In pratica, ha specificato il presidente Usa, la Cina, pur essendo la seconda potenza economica mondiale, da un punto di vista diplomatico continua a mantenere un basso profilo. Obama ha definito Pechino, «free rider», indicando con questa terminologia la consueta strategia cinese, che vuole Pechino muoversi in autonomia, a seconda dei propri interessi (come se gli Usa e altre potenze mondiali, facessero in modo diverso). Le allusioni di Washington a Iraq e Ucraina erano chiare.

Le parole di Obama – che ha dimostrato di conoscere bene, a dire il vero, i cinesi, quando li ha definiti «per niente sentimentali e poco interessati alle astrazioni» – in Cina hanno risvegliato alcuni editorialisti, che immediatamente hanno chiesto al presidente americano di pensare ai «suoi problemi interni», vedi Ferguson, sottolineando come sia stata la politica militare americana a creare i disastri iracheni, così come quelli in Ucraina (seppure via Nato). Va detto infine, che per quanto aggressiva, la politica cinese nel Pacifico, non ha creato – ad ora – alcun conflitto. Al di là di queste scaramucce, la posizione cinese nell’arena internazionale è un tema assai dibattuto a Pechino.
Xi Jinping parlando di «sogno cinese», una volta giunto al potere, sembrava voler invertire quel basso profilo tenuto da Hu Jintao nel decennio precedente.

Parlando ad esempio di «nuova relazione tra grandi potenze», a proposito degli Usa, il neo presidente sembrava voler uscire da quell’assertività internazionale che in tanti hanno sempre criticato. La realtà – però – dimostra che la Cina a livello internazionale, si muove spinta da valutazioni che riguardano la sua politica interna. Anche perché Pechino sa bene che una sua sistemazione stabile – politica e non solo (anche più di quella attuale)- accanto alla Russia, potrebbe finire per aver ripercussioni rilevanti, mettendo in crisi relazioni economiche con Europa e Stati uniti.

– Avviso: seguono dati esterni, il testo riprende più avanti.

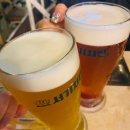 서기맥주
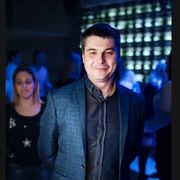  ,   Kirill, 43 ,   ,   , 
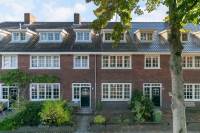 Woning Gaailaan 3 Eindhoven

Pechino, quindi, concepisce la sua posizione internazionale come una necessaria «prova» da consumato equilibrista. Xi Jinping deve gestire alcuni nodi, che sono considerati prioritari: in primo luogo la stabilità economica e politica interna. Il quarto Plenum del Partito è stato anticipato ad ottobre (era previsto a novembre) perché dovrà discutere dello «stato di diritto» e valutare le riforme economiche del nuovo corso. La Cina dunque ha bisogno di stabilità internazionale, per dedicarsi al complicato e delicato passaggio interno: limitare le attività statali, liberalizzare settori economici, frenare la corruzione dilagante. Fosse per il Pcc, tutto il mondo potrebbe anche fermarsi.

Ci sono poi questioni pratiche: in Iraq la Cina ha investito molto, ma lo ha fatto soprattutto nelle zone che in questo momento non sono toccate dallo scontro tra Isis e resto del mondo. Per questo Pechino nicchia, a meno che i jihadisti non finiscano per entrare in rotta di collaborazione con l’indipendentismo uighuro, nel nord est del paese. In quel caso la tattica cinese potrebbe cambiare. In Ucraina il discorso è ben diverso, ma è sempre mosso principalmente da questioni interne. L’esigenza di gas al prezzo migliore, ha spinto la Cina a stringere i tempi con Putin, cui conveniva la chiusura dello storico accordo sul gas, anche per farne una leva in funzione anti europea.

L’avvicinamento tra Mosca e Pechino, però, è solo tattico; ora come ora, non può essere altrimenti.